Pollution Responsible for Diseases That Kill One in Six People Globally
Pollution is responsible for an estimated nine million deaths worldwide, according to a new report in the leading medical journal The Lancet.
According to this groundbreaking report, pollution in air, water, and soils caused more than 400,000 deaths which represents 7.8% of all deaths in EU. Germany, Italy, the UK, Poland and France rank the highest in terms of number of deaths attributable to pollution.
Aside from that, most deaths are caused by diseases due to pollution which are non-communicable (NCD). Heart disease, stroke, lung cancer and chronic obstructive pulmonary disease (COPD) are examples of NCD.
The Lancet report on Pollution and Health is the first comprehensive analysis of all forms of pollution and their health, economic and social impacts.
Pollution is Deadly
Pollution is a prevailing problem around the world. Its impact on communities can be deadly. Whether water pollution or air pollution, the effects are both catastrophic to the world’s communities.
With regards to air pollution, dirty air is almost everywhere in the world. Air pollution is affecting a majority of the global population. Dirty air is more prominent in the Western Pacific, the Mediterranean region, sub-Saharan countries and Southeast Asia, according to an air quality map released recently by the World Health Organization (WHO).
WHO says, based on the interactive map, 92% of the world’s population lives in places where outdoor air quality fails to meet guidelines.

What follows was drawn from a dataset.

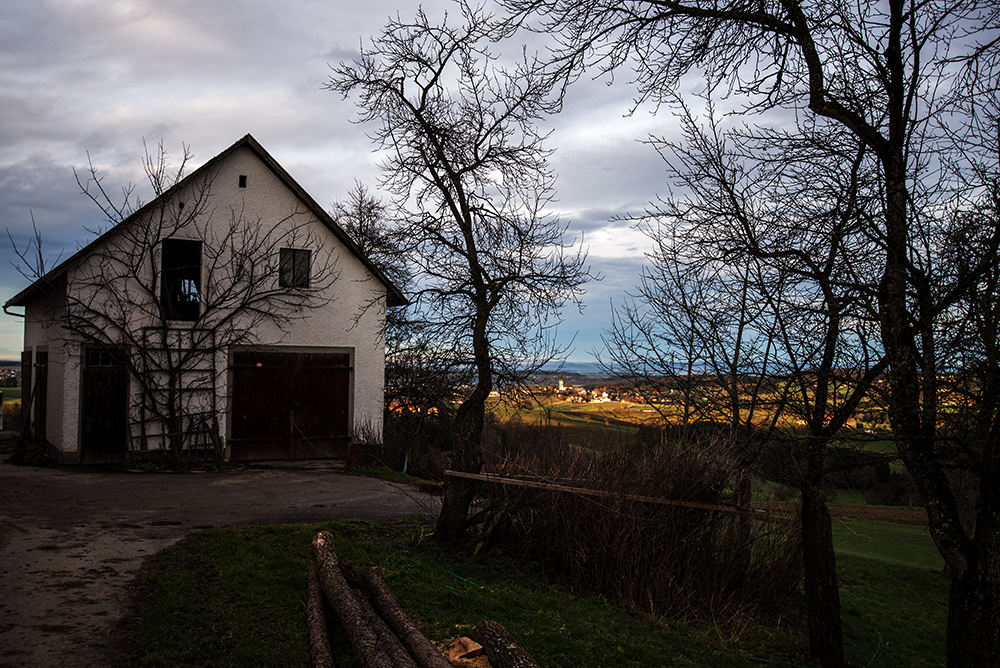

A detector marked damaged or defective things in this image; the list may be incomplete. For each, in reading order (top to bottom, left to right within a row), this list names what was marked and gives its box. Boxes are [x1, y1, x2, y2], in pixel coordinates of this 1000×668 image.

broken attic window [161, 239, 202, 322]
broken attic window [280, 245, 310, 288]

The World Health Organisation (WHO) placed outdoor air pollution among the top ten health risks faced by humans. Outdoor pollution caused seven million premature deaths a year.
The problem is especially evident in urban cities. WHO classifies outdoor air pollution as being as carcinogenic to humans in October 2013 as smoking in February 1985.
In London, WHO reported that air pollution kills more than 10-times the number of people dying from road traffic accidents. There were an estimated 3.7 million premature deaths in 2012.